▸ **BRIEF**
Please transcribe, exactly, the line that contains "Модная этническая женщина" and every line after it to the end of the records, and nothing else.

▸ **RECORDED DATA**
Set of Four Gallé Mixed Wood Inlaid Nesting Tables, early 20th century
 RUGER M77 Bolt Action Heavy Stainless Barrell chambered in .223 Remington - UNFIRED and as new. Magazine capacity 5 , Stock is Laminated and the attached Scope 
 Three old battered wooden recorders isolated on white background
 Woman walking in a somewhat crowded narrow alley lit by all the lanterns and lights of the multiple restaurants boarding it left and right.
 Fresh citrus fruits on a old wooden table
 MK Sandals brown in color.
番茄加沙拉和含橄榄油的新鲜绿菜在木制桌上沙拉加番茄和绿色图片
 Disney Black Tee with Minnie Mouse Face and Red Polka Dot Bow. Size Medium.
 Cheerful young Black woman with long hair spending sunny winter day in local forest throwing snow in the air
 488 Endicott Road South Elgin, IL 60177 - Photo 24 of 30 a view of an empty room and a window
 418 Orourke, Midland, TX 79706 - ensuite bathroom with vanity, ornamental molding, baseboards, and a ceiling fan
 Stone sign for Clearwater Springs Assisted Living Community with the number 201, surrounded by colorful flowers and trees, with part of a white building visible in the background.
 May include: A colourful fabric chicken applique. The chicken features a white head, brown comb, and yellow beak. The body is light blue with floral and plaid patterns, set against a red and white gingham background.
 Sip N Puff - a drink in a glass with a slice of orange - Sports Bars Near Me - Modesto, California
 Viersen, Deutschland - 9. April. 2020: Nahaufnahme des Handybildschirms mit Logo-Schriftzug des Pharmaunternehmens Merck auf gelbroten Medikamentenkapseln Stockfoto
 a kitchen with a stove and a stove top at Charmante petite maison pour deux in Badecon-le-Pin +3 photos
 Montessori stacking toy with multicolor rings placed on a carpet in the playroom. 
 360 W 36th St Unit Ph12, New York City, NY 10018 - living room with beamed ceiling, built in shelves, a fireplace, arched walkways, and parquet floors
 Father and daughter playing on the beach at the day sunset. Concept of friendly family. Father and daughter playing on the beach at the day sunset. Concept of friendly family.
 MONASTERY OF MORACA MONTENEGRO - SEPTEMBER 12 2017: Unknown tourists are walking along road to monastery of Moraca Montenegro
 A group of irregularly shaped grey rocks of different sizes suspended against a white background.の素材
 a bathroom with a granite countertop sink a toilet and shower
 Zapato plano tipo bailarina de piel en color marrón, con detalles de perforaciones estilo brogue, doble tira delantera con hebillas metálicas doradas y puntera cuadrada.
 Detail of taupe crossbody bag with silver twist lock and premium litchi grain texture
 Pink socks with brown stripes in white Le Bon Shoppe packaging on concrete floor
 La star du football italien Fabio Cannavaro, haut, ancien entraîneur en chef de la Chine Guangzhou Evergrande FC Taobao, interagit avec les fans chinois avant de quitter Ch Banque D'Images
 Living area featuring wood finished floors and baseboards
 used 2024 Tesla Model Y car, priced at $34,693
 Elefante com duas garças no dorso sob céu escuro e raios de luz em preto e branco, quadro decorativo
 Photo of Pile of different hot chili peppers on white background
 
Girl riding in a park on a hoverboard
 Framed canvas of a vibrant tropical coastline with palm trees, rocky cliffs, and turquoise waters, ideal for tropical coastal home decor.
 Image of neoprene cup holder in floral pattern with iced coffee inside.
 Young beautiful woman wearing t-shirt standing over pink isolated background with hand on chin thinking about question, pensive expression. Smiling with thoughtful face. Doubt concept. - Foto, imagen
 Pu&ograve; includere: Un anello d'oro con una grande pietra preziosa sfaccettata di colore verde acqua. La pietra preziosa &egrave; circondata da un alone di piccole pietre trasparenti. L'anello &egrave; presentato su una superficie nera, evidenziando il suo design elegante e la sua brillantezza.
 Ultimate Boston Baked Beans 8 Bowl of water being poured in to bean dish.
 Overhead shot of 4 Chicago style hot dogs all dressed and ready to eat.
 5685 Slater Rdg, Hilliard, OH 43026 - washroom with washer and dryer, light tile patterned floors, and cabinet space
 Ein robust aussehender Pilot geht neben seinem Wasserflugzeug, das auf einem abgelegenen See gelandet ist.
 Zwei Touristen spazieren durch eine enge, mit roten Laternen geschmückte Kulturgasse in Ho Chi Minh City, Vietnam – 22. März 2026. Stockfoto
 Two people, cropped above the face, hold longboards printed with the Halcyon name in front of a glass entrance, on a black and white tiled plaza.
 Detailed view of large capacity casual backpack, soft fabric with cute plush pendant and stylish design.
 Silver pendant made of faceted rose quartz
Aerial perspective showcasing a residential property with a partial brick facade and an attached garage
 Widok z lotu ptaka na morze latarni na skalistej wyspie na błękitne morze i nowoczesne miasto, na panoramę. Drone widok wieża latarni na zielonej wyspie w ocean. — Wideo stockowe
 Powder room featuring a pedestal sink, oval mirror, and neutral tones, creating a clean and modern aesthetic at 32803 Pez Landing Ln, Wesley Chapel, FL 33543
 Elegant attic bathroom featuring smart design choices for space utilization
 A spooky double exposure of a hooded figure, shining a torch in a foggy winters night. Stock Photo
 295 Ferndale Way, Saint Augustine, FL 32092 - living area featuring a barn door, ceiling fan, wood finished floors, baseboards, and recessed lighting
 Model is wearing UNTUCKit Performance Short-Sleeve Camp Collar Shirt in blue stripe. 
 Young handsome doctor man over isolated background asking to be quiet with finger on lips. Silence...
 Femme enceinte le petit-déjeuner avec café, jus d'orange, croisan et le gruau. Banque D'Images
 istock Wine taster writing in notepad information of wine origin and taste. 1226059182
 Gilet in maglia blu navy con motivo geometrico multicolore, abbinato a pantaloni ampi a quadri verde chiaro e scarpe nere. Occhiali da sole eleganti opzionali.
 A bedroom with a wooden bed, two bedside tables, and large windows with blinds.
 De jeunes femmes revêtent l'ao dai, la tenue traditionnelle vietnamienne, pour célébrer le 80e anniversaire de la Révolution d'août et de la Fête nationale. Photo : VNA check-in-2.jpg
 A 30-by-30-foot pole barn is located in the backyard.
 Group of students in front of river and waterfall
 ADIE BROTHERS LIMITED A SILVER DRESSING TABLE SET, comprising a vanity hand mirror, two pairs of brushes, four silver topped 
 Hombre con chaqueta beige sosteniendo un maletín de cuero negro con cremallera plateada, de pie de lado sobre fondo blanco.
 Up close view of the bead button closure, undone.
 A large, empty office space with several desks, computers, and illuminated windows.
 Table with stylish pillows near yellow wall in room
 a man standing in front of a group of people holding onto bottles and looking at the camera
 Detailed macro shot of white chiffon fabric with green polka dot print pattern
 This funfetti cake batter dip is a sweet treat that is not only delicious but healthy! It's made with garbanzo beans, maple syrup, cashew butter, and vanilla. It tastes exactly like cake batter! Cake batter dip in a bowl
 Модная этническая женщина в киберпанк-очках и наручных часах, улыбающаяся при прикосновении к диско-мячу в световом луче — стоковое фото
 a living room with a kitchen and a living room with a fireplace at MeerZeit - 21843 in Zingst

▸ **TASK SOLUTION**
 Модная этническая женщина в киберпанк-очках и наручных часах, улыбающаяся при прикосновении к диско-мячу в световом луче — стоковое фото
 a living room with a kitchen and a living room with a fireplace at MeerZeit - 21843 in Zingst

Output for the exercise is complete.